Institute for Medical Informatics and Biometry, Carl Gustav Carus Faculty of Medicine, Technische Universität Dresden, Dresden, Germany.
Stud Health Technol Inform. 2022 Aug 31;298:73-77. doi: 10.3233/SHTI220910.
Data quality is essential for utilizing real world data (RWD) in scientific context. Based on drug prescriptions in a hospital information system (HIS), algorithms performed a mapping of unstructured drug data to ATC codes. Visualization of the resulting distribution of structured to unstructured data based on ATC codes was created and used to explore a defined limitation of the current drug prescription highlighting the example of proton pump inhibitors. As a second step, a generalization of this approach was inductively created. As result we were able to identify 4 crucial steps for a feedback loop framework: The first step being the actual use of the HIS by clinician for drug prescription, second the processing of the entered unstructured and structured data and performing automatic analyses and visualization of the resulting distributions. The third step included an interdisciplinary expert evaluation of the data distribution followed by the fourth step, consisting of feedback to the stakeholders and generating actions as teaching or re-modelling of the system incorporating the actual learning process. The presented approach represents a continuously learning system based on RWD, although it is limited by analyzing the distribution of mapped unstructured text to ATC codes and therefore does not allow to analyze free text not mapped to ATC codes (false negatives). Future work will focus on the evaluation of this approach to analyze the impact on prescription data quality and the potential improvement on patient safety in general.

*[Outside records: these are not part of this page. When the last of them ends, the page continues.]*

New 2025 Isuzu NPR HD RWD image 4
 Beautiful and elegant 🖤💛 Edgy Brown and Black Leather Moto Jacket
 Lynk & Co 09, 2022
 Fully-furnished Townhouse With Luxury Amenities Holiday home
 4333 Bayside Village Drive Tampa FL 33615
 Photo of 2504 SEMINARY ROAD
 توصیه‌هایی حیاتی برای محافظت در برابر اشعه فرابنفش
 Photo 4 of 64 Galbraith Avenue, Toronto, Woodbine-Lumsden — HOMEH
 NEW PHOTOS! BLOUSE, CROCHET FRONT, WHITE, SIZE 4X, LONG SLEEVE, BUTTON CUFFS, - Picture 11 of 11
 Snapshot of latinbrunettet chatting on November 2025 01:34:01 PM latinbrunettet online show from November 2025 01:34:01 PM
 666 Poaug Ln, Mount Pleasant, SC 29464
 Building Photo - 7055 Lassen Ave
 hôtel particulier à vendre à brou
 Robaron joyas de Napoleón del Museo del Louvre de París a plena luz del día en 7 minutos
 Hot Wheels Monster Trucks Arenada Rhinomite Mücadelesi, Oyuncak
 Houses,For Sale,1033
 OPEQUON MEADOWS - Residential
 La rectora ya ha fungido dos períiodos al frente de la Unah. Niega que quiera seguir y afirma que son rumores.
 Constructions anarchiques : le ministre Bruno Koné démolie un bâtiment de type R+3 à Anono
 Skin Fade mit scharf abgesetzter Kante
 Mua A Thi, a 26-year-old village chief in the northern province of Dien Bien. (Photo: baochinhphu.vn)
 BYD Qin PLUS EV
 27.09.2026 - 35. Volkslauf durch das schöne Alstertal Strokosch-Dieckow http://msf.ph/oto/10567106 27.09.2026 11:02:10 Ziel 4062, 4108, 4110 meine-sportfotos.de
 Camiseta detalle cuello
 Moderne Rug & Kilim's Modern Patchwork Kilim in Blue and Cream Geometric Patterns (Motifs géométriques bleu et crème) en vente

数据质量对于在科学环境中利用真实世界数据(RWD)至关重要。基于医院信息系统(HIS)中的药物处方,算法执行了将非结构化药物数据映射到 ATC 代码的操作。根据 ATC 代码创建了结构化到非结构化数据的分布的可视化效果,并用于探索当前药物处方的一个明确限制,以质子泵抑制剂为例。作为第二步,我们归纳性地创建了这种方法的推广。结果,我们能够确定反馈循环框架的 4 个关键步骤:第一步是临床医生实际使用 HIS 进行药物处方,第二步是处理输入的非结构化和结构化数据,并对结果分布执行自动分析和可视化。第三步包括对数据分布进行跨学科专家评估,然后是第四步,向利益相关者反馈并生成操作,例如教学或重新建模系统,将实际学习过程纳入其中。所提出的方法代表了一个基于 RWD 的持续学习系统,尽管它受到分析映射到 ATC 代码的非结构化文本分布的限制,因此无法分析未映射到 ATC 代码的自由文本(假阴性)。未来的工作将侧重于评估这种方法,以分析其对处方数据质量的影响以及对总体患者安全的潜在改善。